As you mentioned, Tesla is famous for end of quarter pushes to meet metrics, and the pressure for end-of-year must be even higher. So, as they were up against poor end of year numbers because of people postponing delivery to 2023 for the tax credity, they just decided to offer the same amount as the tax credit. Good for us buyers either way, unless you took delivery just before the offer.
Now, I read lots of gloom and doom for Tesla order numbers, if I recall, in Bloomberg. So, your analyst looks at something like 23 new comparable EV models coming next year, and says, OK, well, Tesla's numbers *must* go way down; maybe not to 1/24th of what they were, but certainly way less. Here's my prediction: Tesla numbers will go down a bit next year, but NOT huge amounts. And Tesla's numbers won't even begin to significantly drop until public chargers are at least as reliable and fast as Tesla's. I'm betting only small drops in resale value too (the current situation that 3+ year old cars with average miles on them cost as much as new is simply not sustainable).

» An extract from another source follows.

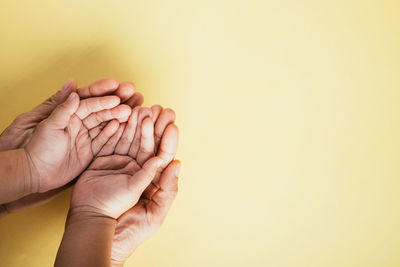 Cropped hand of woman against yellow background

Why won't 23 new EVs coming out this next year kill Tesla?
- MY and M3 will remain roughly $60k cars compared to quite a few $80-$100k cars in that list; those will simply *never* get significant sales.

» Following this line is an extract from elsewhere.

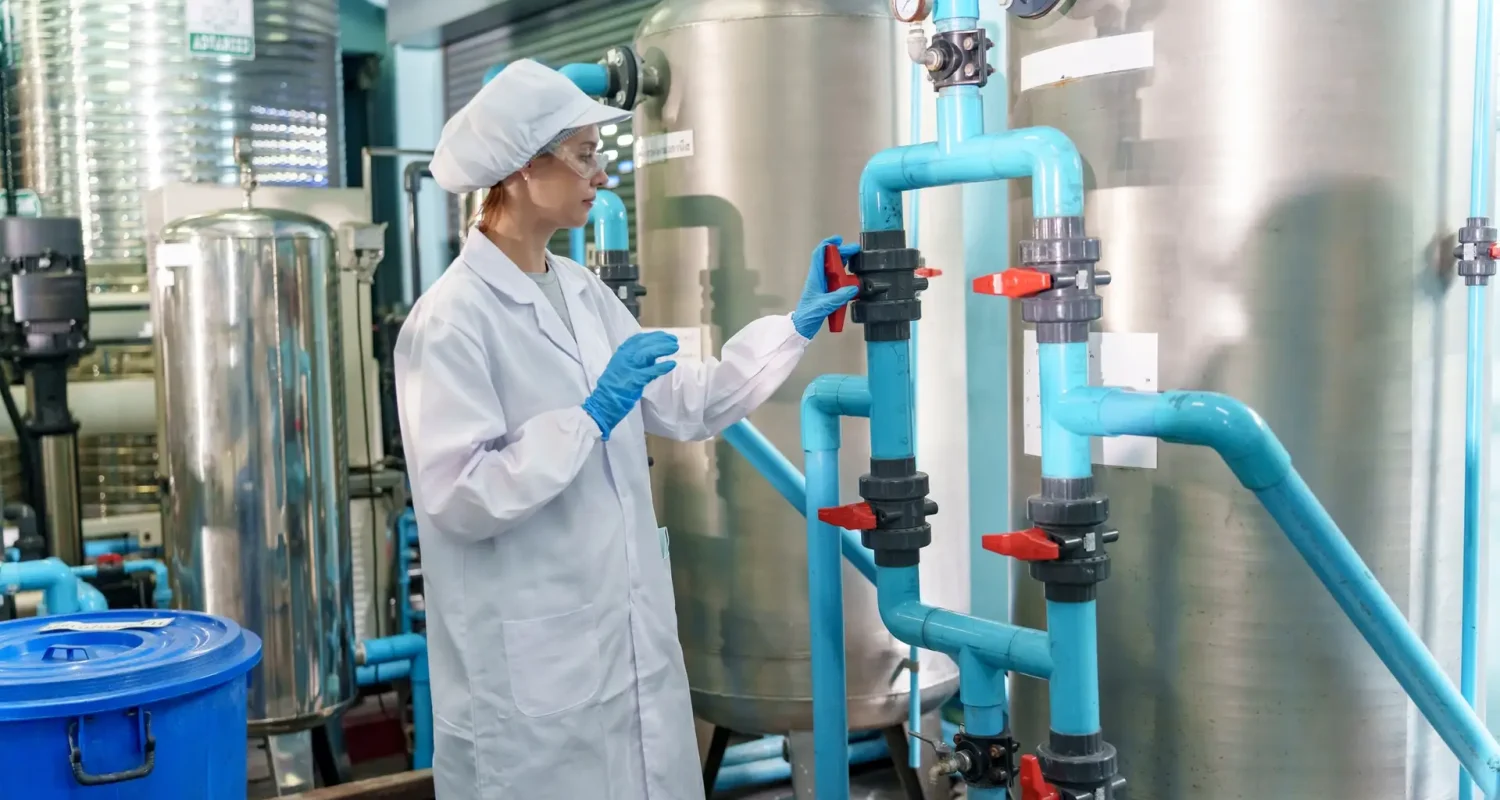 Woman in lab coat checks valves in industrial water treatment facility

-Most of these "coming next year" models are not even in production yet (e.g. Fiskar), and note every single EV I have ever followed came out *way* behind their "estimated" range when they actually started deliveries. As in, way behind M3/Y.
And then there are the two killers:
-Software. VW has failed to fix the ID4 software in what, 1.5 years and counting! Someone here recently wrote that polestar software sucks, and someone else says EV6 software is marginal. This is just a way bigger deal than car companies think. And Tesla continues to be the best; you can argue how good it is in an absolute sense, but there seems to be a consensus that it gets you where you are going without too much agony.

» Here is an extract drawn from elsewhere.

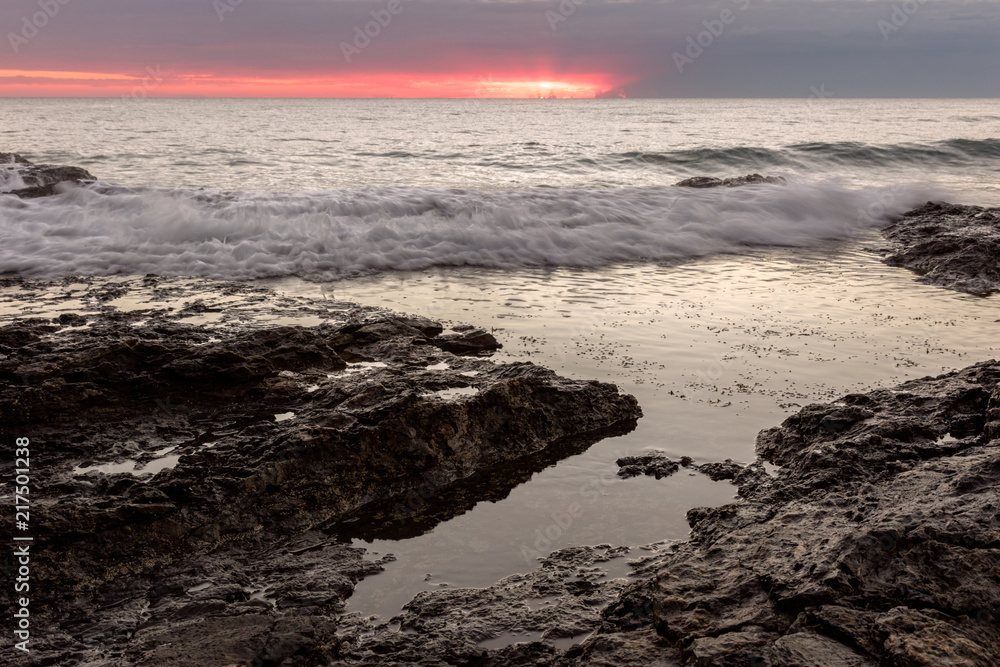 waves running onto flat water with a pink sky waves running onto flat water with a pink sky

- And then there's charging. Youtube is chock full of "I had the worst experience..." for public chargers. Tesla people all say "it's fine". Someone on this site said, "[public chargers] will be fixed. [They HAVE] to be." Let's say that it will be. OK, when? No one is in charge of meeting a target availability, and no one takes responsibility for them being down. And even if one network did fix these problems, no one network could possibly cover all of big countries like the US. There's no way this will be fixed in a year; maybe 2 or 3 years, maybe. But what is to say it wouldn't take 10 years? Or More?
Conclusion: Splashy upcoming new models will hurt Tesla's order numbers (and therefore your resale value), but only slightly for a while; then, as the new ones inevitably disappoint, numbers and prices will come back up, and they won't come down significantly until public charging vastly improves...and the new model cars prove themselves. You heard it here first. And I bet the price of my soon-to-arrive MY on that predication. (On the other hand, I never saw Elon's recent antics coming, which have turned off plenty of people, so, caveat emptor.)